> [Source records]:
────────
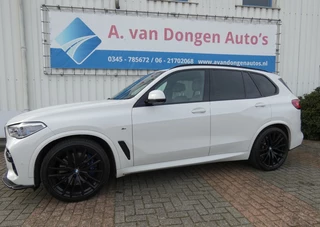 BMW X5 XDRIVE40I M Sport,Massage,Pano,Laser,360,Trhaak,Klasse 5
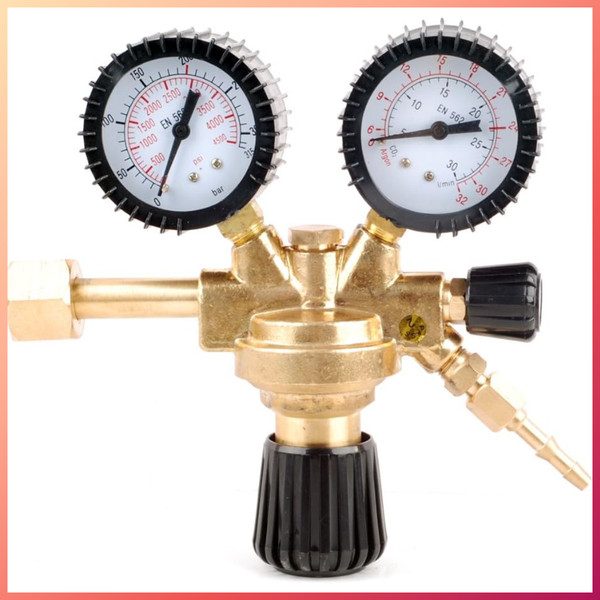 Gas Druckminderer Argon CO2 FüR Mig Mag Wig SchweißGeräT-image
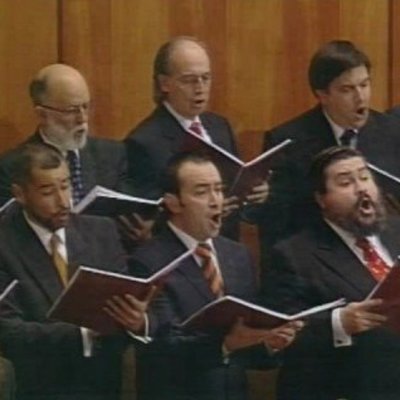 Coro de los cazadores de la ópera El cazador furtivo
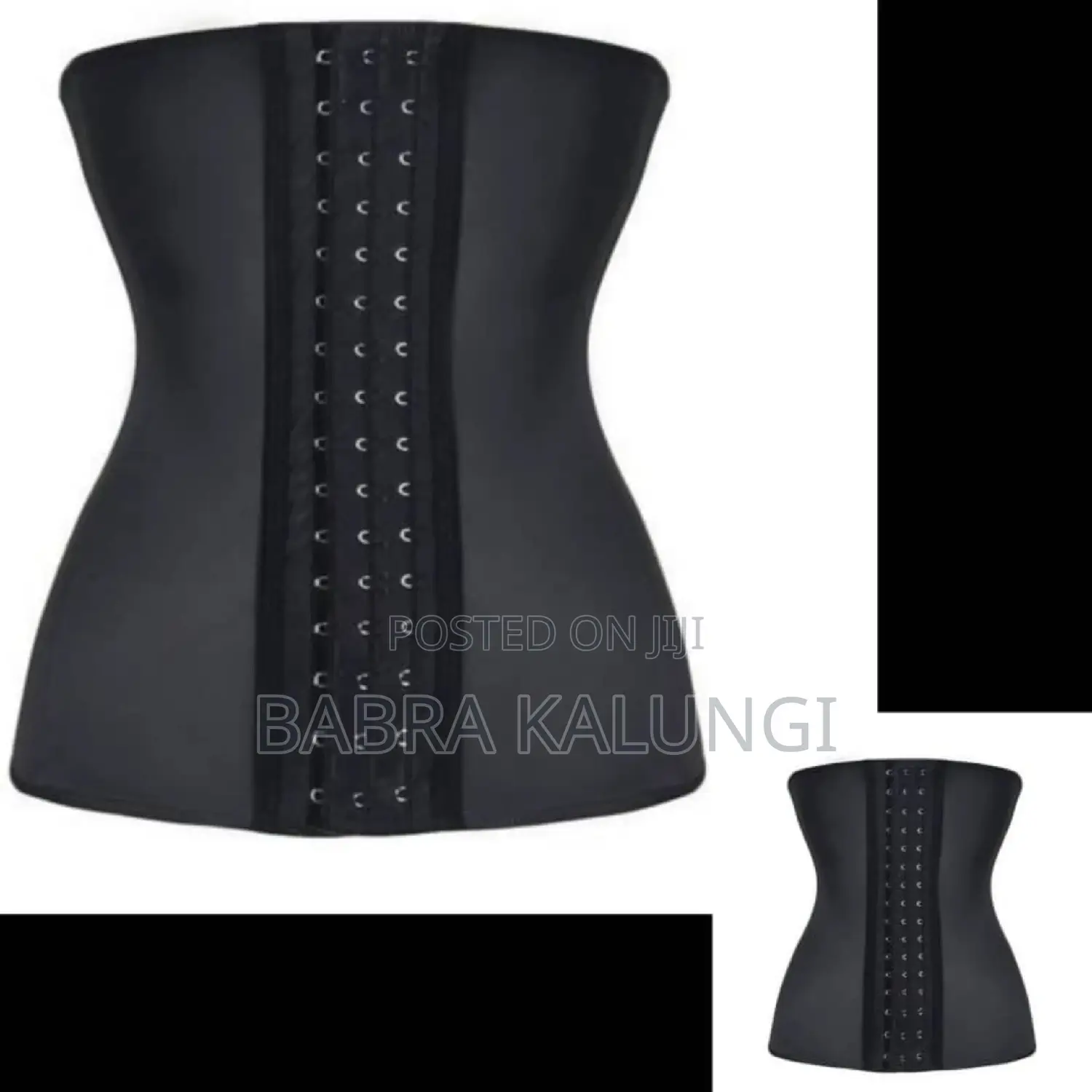 Workout Woman Waist Trainer
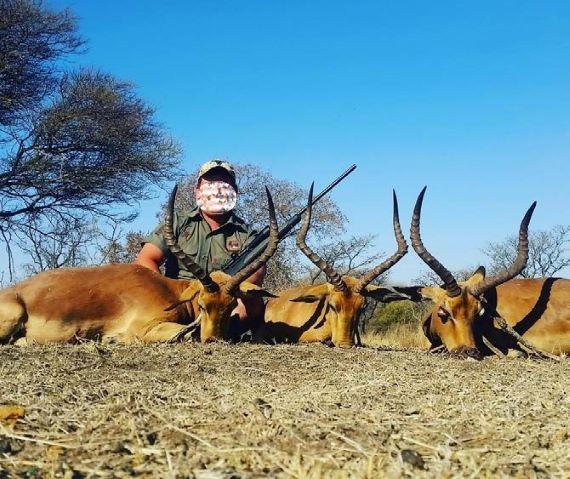 Leopard Hunting in Namibia & Brown Hyena Cancelation Hunt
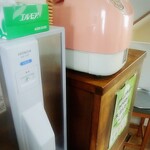 東京飯店 - 変わらぬ電話機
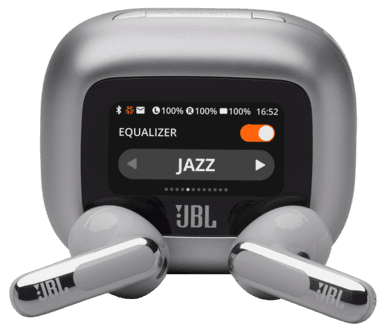 JBL Live Flex 3 trådløse in-ear-ørepropper med lang batteritid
────────
> [Required work]:
Beginning with the line that contains "東京飯店 - 変わらぬ電話機" and ending with the last line of the data above, output those lines exactly and nothing more, without any pictures.

> [Completed task]:
 東京飯店 - 変わらぬ電話機
 JBL Live Flex 3 trådløse in-ear-ørepropper med lang batteritid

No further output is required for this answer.